Yes. Common patient-teaching scenarios are inhaler/spacer technique, EpiPen administration, peak flow recording, and post-concussion or head-injury safety-netting. The same scaffold applies — replace clinical jargon with plain English and use teach-back (“Can you show me how you’d use this at home?”).

How long should the introduction take?

No more than 60-75 seconds. Anything longer and you’ll eat into teaching time. A tight opening: name, grade check, agree topic, agree objectives, set the contract (“I’ll show you, then talk through it, then you have a go”).

Is Peyton’s 4-step really feasible in 8 minutes?

Yes — but merge steps 1 and 2 (the silent demo and the talk-through) into a single deliberate demonstration with commentary. Use the saved time for the comprehension step, which is where most learning happens.

What should I do in the last 30 seconds if I’ve finished early?

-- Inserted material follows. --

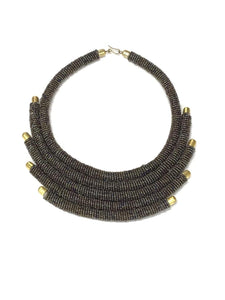 Kenya Necklace S04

Summarise the learning objectives ticked off, ask if there are any remaining questions, signpost a specific resource (RCEMLearning module, BMJ Best Practice topic, a specific guideline), and agree a follow-up (“Let’s debrief after your first supervised attempt”). Don’t sit in silence.

Where can I get realistic practice?

Pair up with a fellow candidate, swap roles, and time each other on a topic you haven’t prepared. Use the St Emlyn’s FRCEM revision guide (Chapter 10 — teaching stations) and EM Skills Academy templates as a starting point, but the marginal gain is in spoken repetition, not silent reading.

Next step

Drill three opening templates and three closing templates until they’re automatic, then practise four full 8-minute scenarios per week with a partner from the topic list above. For a structured FRCEM Final OSCE programme with examiner-style feedback, see emfinalexams.com.

Facts last verified .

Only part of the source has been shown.